Confonds pas, je ne cherche absolument pas à minimiser l'importance de la part de shoot dans ces jeux (sans rire, qui est-ce qui milite pour le genre
sur Shmup'em All depuis des années?). Elle y est, je dis même
exactement la même chose que toi à ce propos (littéralement : je dis " tu peux parfaitement jouer au jeu sans prêter le moindre intérêt à tous ces petits tweaks", tu réponds "ne pas pousser ne signifie pas forcément passer à coté du jeu", d'où question : tu me lis avant de répondre? :P ) mais c'est pas le point que j'essayais de faire. C'est pas, comme tu dis, "l'essence" du machin. Et puis le contexte de la question, quoi. La vision globalisante/big picture, elle est gentille, mais c'est de la surface. Là, on me demande un raisonnement de "spécialiste", sur Shmup'em All, vis-à-vis d'un jeu aux approches doubles, je donne donc
un raisonnement de spécialiste, sur Shmup'em All, vis-à-vis d'un jeu aux approches doubles. Et quand il s'agit de présenter ce genre de produit, surtout à un esthète Seibu-Toaplaniste comme notre Colonel, il est nécessaire de bien faire la distinction et de savoir précisément à quoi on a affaire : en l'occurrence, aussi solides que soient leurs sensations brutes et premier degré pad en main, ces jeux sont des roguelikes bien avant d'avoir ne serais-ce que la demi-idée d'être des shmups. (D'autant que, d'un point de vue plus général, tu sais aussi bien que moi à quel point l'appartenance même du twin-stick au genre shmup est une question chatouilleuse.)

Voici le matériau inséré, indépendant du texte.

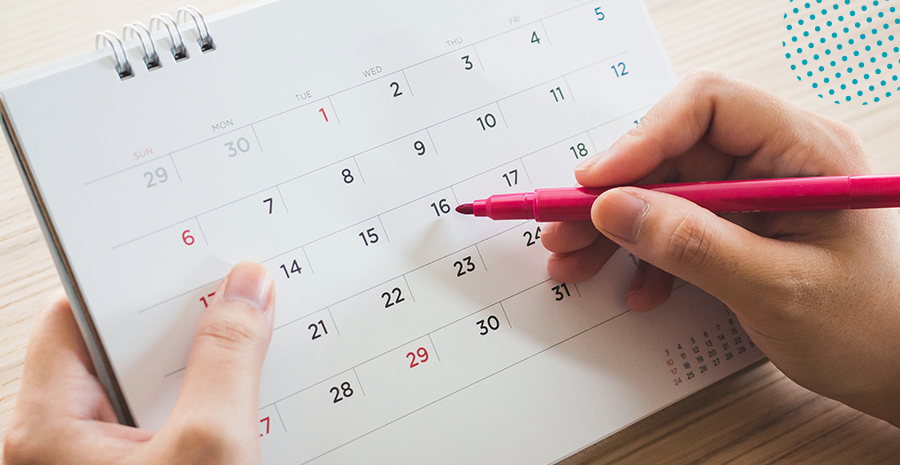 imagem de uma pessoa segurando um calendário e uma caneta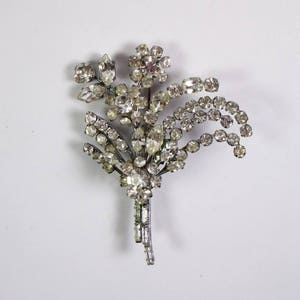 Large vintage 1940/50s diamante rhinestone bouquet of flowers brooch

Le contre-exemple, c'est, comme je le disais, Steredenn, qui est d'abord un shoot avant qu'on essaie de lui coller des mécaniques de roguelike, et vous savez très bien ce que je pense du résultat final : le shooting est très solide également, mais le jeu est mal foutu, mal présenté et désespérément déséquilibré.